Jotaka Eaddy, founder of #WinWithBlackWomen (WWBW), shared similar sentiments. “With this nomination, President Biden and Vice President Harris will once again elevate a woman, and in this case, a Black woman, to a position that has long been covered by a cement ceiling,” Eaddy said in a statement. “Today that ceiling is shattered into a million pieces.”

Known for making a significant impact on the historic election of the nation’s first Black woman vice president, #WinWithBlackWomen also stated that it will work to “ensure that Judge Jackson receives a fair and expeditious confirmation process.” WWBW is a collective of Black women leaders from public and private sectors committed to advancing and uplifting Black women, families and communities.

Though Jackson’s appointment would be historic, it will not change the ideological makeup of the Supreme Court being that it still has a majority of conservative justices. Like many who support Jackson’s nomination, Holley-Walker believes that this is an important moment in the history of the nation.

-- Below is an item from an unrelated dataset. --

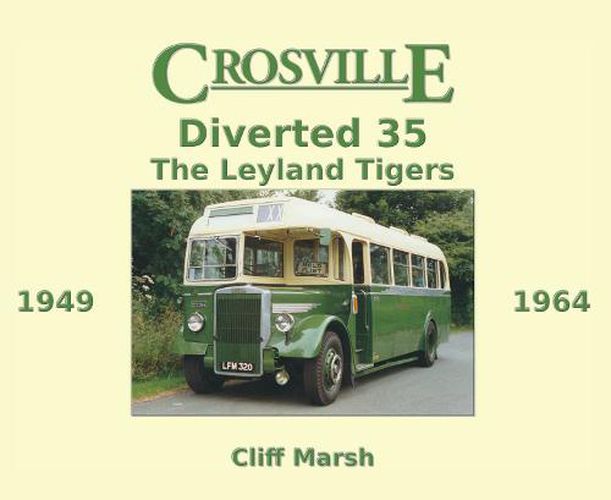 Cover image for Crosville Diverted 35: The Leyland Tigers 1949-1964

“We’ve only had seven justices in the entire history of the U.S. Supreme Court who have not been white men,” Holley-Walker explained. “So, I think it’s both an incredible day for our country, specifically for Black women, and also to have such a highly qualified nominee. We hope to see her confirmed in the way that is represented in terms of her credentials.”

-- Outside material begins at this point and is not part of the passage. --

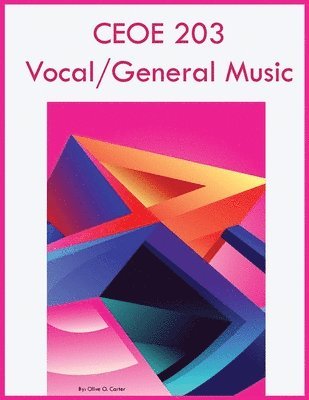 CEOE 203 Vocal/General Music 1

Howard law professor Alice Martin Thomas also sees Jackson as a highly qualified nominee who will be a fair judge.

“I believe she’s a tenacious personality,” Thomas said. “I believe she will not shrink. And she’s going to have to stand up against a torrent of negativity and ugliness that we’ve all had to deal with. … She is more than capable and able of doing it graciously”

“She will stand up for what’s right,” Thomas added. She will advance her point of view. And she’ll be fair. That’s all we can ask of a judge. I’m also glad she’s young. She has her whole life in front of her.”